* _EXERCISE OBJECTIVE_
Return the entries below verbatim. Pictures stay out.

* _GIVEN ENTRIES_
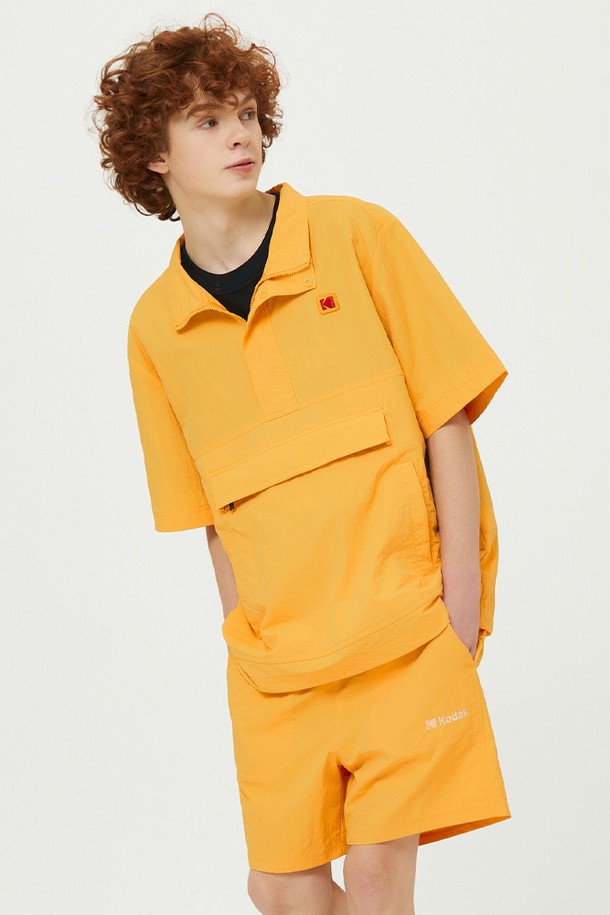 컬러플러스 스텐넥 아노락 옐로우는 **아우터** 카테고리의 **아노락**입니다. 옐로우, 카키, 블랙 3가지 색상으로 출시되었으며, **공용**으로 착용할 수 있습니다. 봄, 여름 시즌에 적합하며, **스포티**하고 **캐주얼**한 스타일을 연출하기 좋습니다. **무지** 디자인에 **레귤러핏**으로, **집업** 방식의 간편한 여밈이 특징입니다. 가볍고 산뜻한 **나일론** 소재로 제작되었으며, **반소매** 기장으로 시원하게 입을 수 있습니다. 특히, **밑단 스트링**으로 다양한 스타일을 연출할 수 있으며, 3부 반바지와 셋업으로 코디하여 더욱 스타일리쉬하게 연출할 수 있습니다.
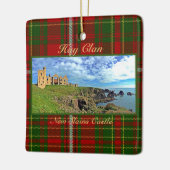ニュースラインズキャッスル – スコティッシュヘイクランタータンチェッククリスマス セラミックオーナメント (左)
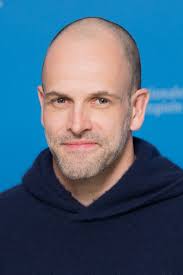 Jonny Lee Miller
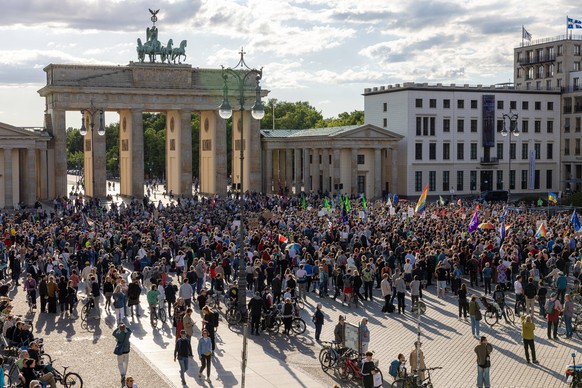 Kundgebung f�r die Demokratie vor Brandenburger Tor. Deutschland, Berlin, Pariser Platz am 05.05.2024: Viele Menschen haben siech vorm Brandenburger Tor versammelt. Nach dem Motto Haltung zeigen gegen ...
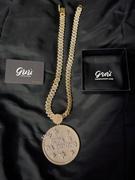 The GUU Shop CUSTOM LETTER NECKLACE 3D BIG CROWN DISC Review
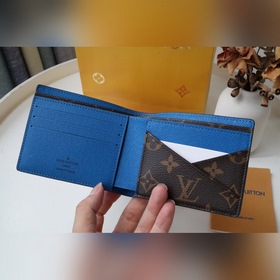 LV Артикул： M80781 Кошелек MULTIPLE Этот небольшой изящный коше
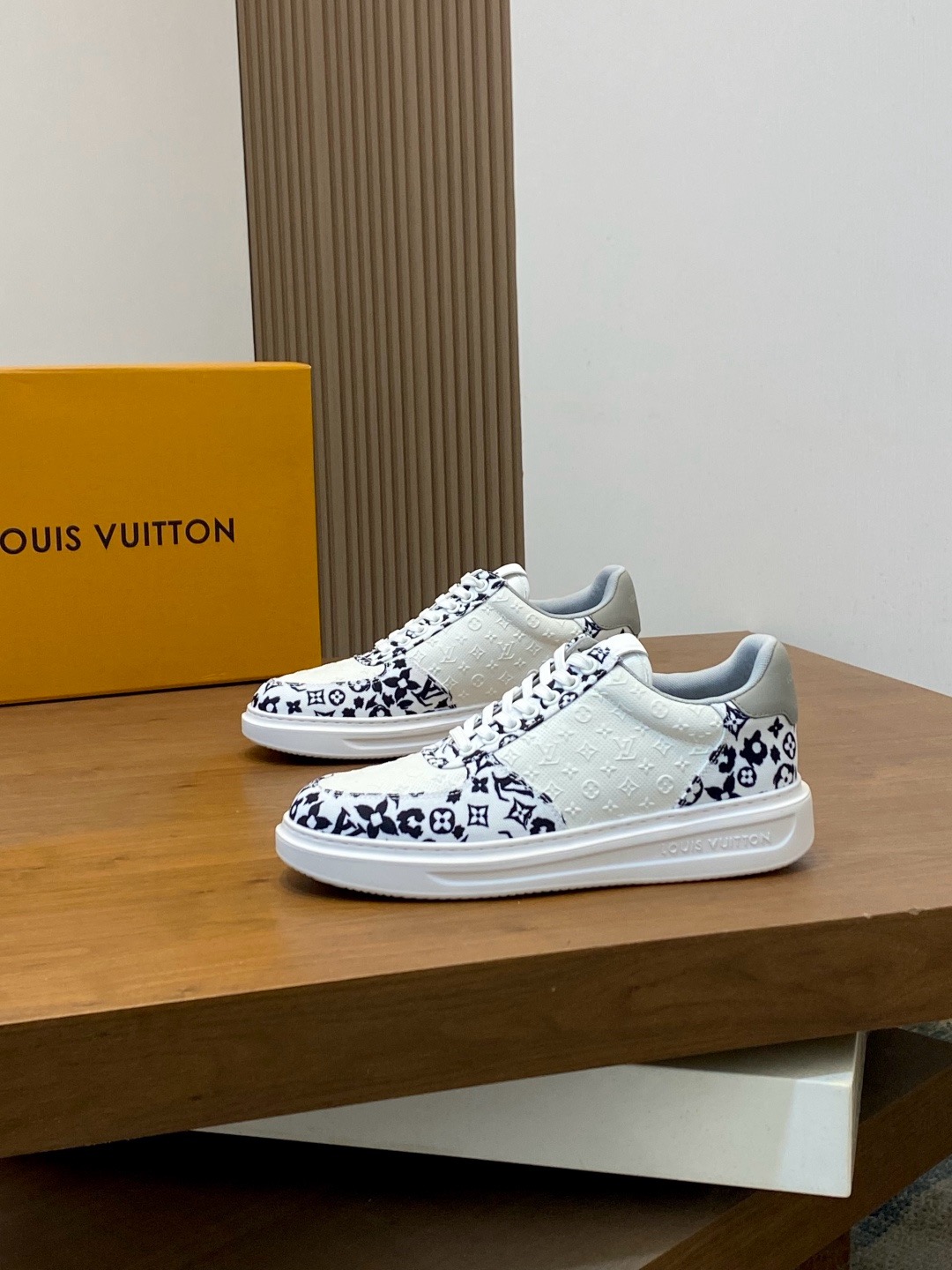 루이비통 Louis Vuitton Beverly Hills 스니커즈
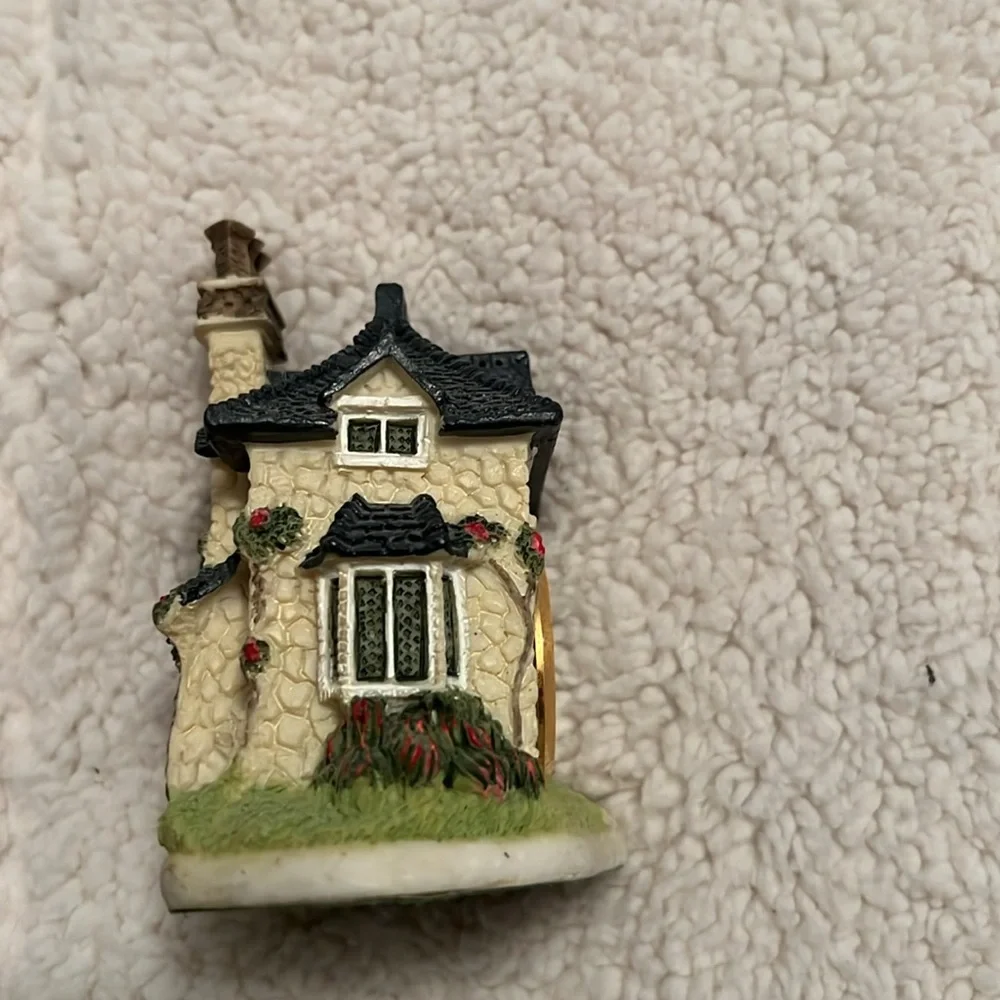 Cottage Clock - Black and Cream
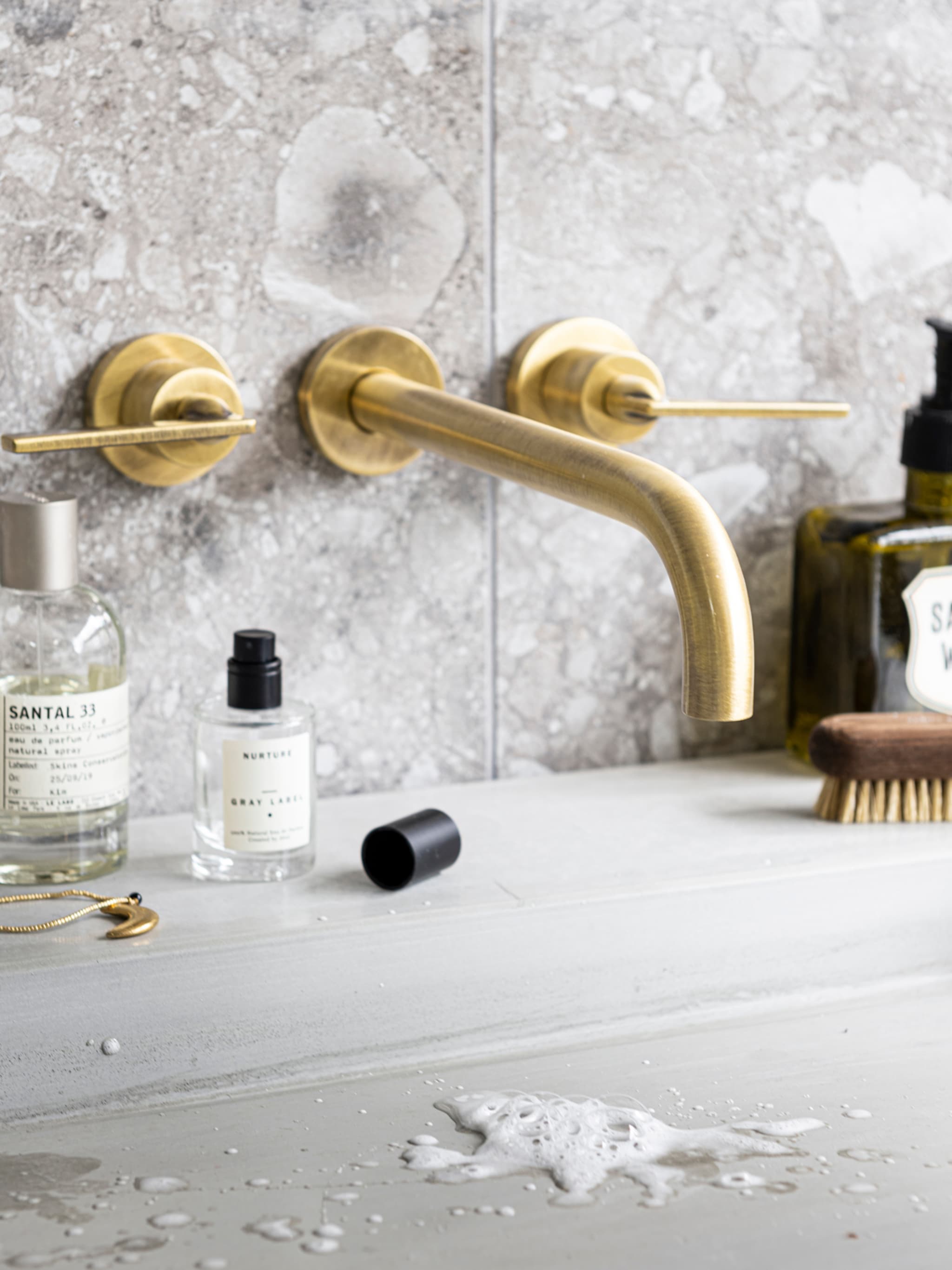 gouden tips tegen kalk in de badkamer ook de meest hardnekkige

* _TASK OUTPUT_
 컬러플러스 스텐넥 아노락 옐로우는 **아우터** 카테고리의 **아노락**입니다. 옐로우, 카키, 블랙 3가지 색상으로 출시되었으며, **공용**으로 착용할 수 있습니다. 봄, 여름 시즌에 적합하며, **스포티**하고 **캐주얼**한 스타일을 연출하기 좋습니다. **무지** 디자인에 **레귤러핏**으로, **집업** 방식의 간편한 여밈이 특징입니다. 가볍고 산뜻한 **나일론** 소재로 제작되었으며, **반소매** 기장으로 시원하게 입을 수 있습니다. 특히, **밑단 스트링**으로 다양한 스타일을 연출할 수 있으며, 3부 반바지와 셋업으로 코디하여 더욱 스타일리쉬하게 연출할 수 있습니다.
ニュースラインズキャッスル – スコティッシュヘイクランタータンチェッククリスマス セラミックオーナメント (左)
 Jonny Lee Miller
 Kundgebung f�r die Demokratie vor Brandenburger Tor. Deutschland, Berlin, Pariser Platz am 05.05.2024: Viele Menschen haben siech vorm Brandenburger Tor versammelt. Nach dem Motto Haltung zeigen gegen ...
 The GUU Shop CUSTOM LETTER NECKLACE 3D BIG CROWN DISC Review
 LV Артикул： M80781 Кошелек MULTIPLE Этот небольшой изящный коше
 루이비통 Louis Vuitton Beverly Hills 스니커즈
 Cottage Clock - Black and Cream
 gouden tips tegen kalk in de badkamer ook de meest hardnekkige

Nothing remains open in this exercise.